Americans can choose from half a dozen weekly or nightly TV shows for acute observations of a political transformation that has given veteran actor Alec Baldwin a whole new career as a Trump impersonator , reports Reuters.

“(My comedy career) did die and I’m being reincarnated as Trump, oh God!” Baldwin told Reuters.

In Britain, comedy fans have thin pickings as broadcasters have to respect rules on impartiality, and chatty panel shows, rather than hard-hitting satire, dominate the schedules.

“I don’t know if there’ll be a boom in satire here. Clearly there’s some big issues to get stuck into,” satirist Andy Zaltzman told Reuters after recording an episode of “The Bugle”, his weekly “audio newspaper for a visual world”.

“In America, their politics and in particular their media are conducted at a much higher pitch … There’s an unending stream of news stories that are ripe for satirical comedy which we probably don’t have here, but we should be able to do a very strong weekly topical satirical TV show.”

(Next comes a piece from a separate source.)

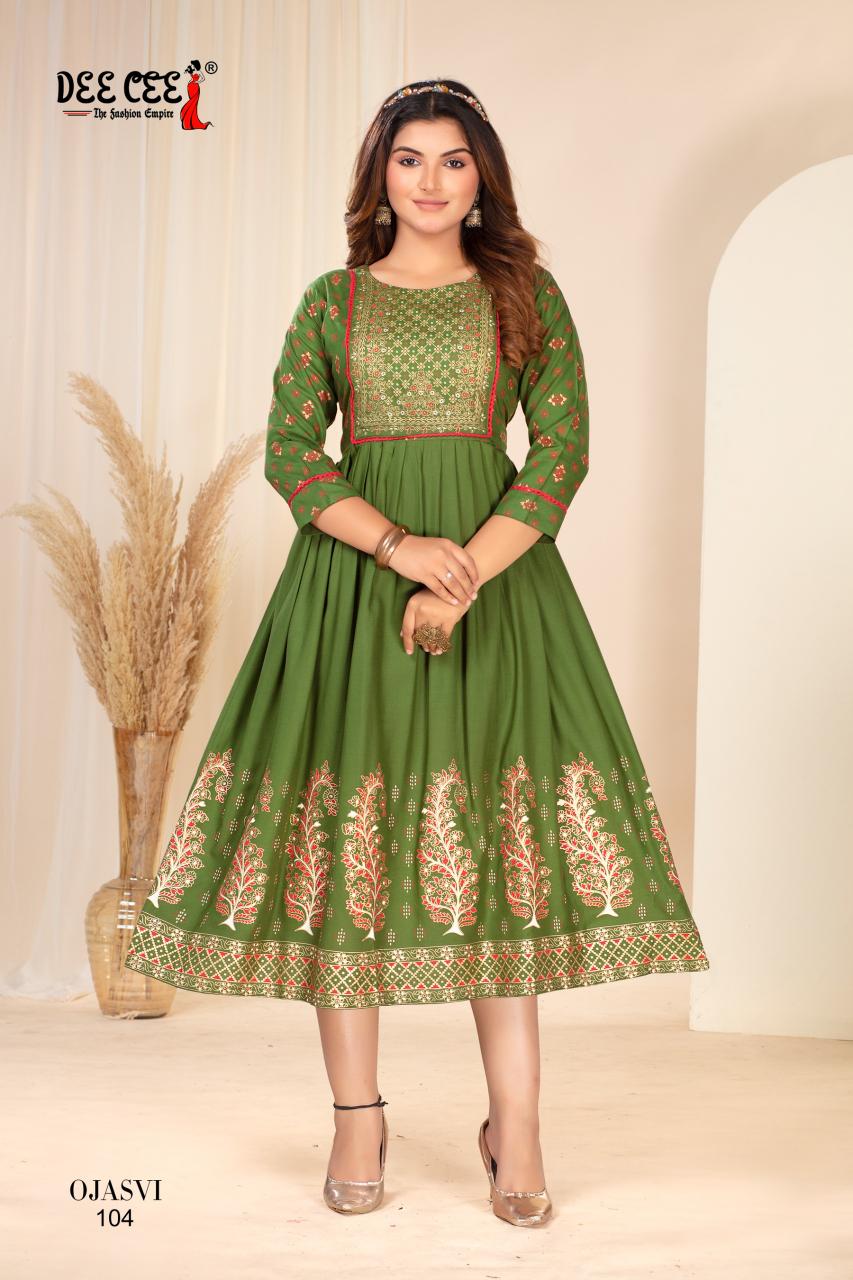 Deecee Ojasvi catalog surat kurti wholesale market online shopping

Zaltzman launched The Bugle in 2007 with fellow Brit John Oliver who has since become one of the most influential TV satirists in America with his own weekly HBO show “Last Week Tonight”.

The re-booted Bugle, with a roster of co-hosts to replace Oliver, gets 12 million downloads a year and gives Zaltzman independence he would not have with a broadcaster.

“Because you don’t have a commissioner saying ‘you can’t say that’ or ‘you have to balance this out’, you can just say whatever you want,” he says.

That was not always a problem.

The social revolution of the 1960s was met by “That Was the Week That Was”, the BBC show that launched the career of David Frost. The famously vicious 1980s puppet show “Spitting Image”, broadcast on the main commercial channel ITV, had a grotesquely domineering Margaret Thatcher as its central character.

The closest thing Brexit Britain has is “Have I Got News For You”, a panel show running since 1990 that, some critics say, is ripe for retirement.

“Images are required to spit in a balanced, proportionate fashion,” Guardian columnist Peter Preston wrote, branding “HIGNFY” a “semi-satirical quip show”.